• Task inputs

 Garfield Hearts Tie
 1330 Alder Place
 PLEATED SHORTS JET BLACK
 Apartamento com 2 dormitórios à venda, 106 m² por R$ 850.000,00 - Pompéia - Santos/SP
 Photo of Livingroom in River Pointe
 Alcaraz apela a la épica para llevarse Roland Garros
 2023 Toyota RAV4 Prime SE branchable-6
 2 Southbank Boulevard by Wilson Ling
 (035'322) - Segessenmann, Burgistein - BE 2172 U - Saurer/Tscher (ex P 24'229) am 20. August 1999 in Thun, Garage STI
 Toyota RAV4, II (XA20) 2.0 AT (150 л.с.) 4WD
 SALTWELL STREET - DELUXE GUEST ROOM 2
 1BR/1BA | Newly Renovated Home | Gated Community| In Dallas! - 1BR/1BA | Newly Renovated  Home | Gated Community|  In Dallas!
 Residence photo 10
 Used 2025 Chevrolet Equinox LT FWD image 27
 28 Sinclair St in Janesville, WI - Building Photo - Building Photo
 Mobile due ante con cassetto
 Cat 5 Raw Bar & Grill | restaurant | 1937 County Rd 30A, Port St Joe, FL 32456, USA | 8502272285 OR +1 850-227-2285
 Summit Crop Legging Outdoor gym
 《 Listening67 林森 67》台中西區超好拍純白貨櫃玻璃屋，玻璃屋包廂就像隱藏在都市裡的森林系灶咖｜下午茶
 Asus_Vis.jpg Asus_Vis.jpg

• What is required
The answer must be the lines from the one containing "28 Sinclair St" through the last line of the records, written out exactly; please include nothing more.

• Completed task
 28 Sinclair St in Janesville, WI - Building Photo - Building Photo
 Mobile due ante con cassetto
 Cat 5 Raw Bar & Grill | restaurant | 1937 County Rd 30A, Port St Joe, FL 32456, USA | 8502272285 OR +1 850-227-2285
 Summit Crop Legging Outdoor gym
 《 Listening67 林森 67》台中西區超好拍純白貨櫃玻璃屋，玻璃屋包廂就像隱藏在都市裡的森林系灶咖｜下午茶
 Asus_Vis.jpg Asus_Vis.jpg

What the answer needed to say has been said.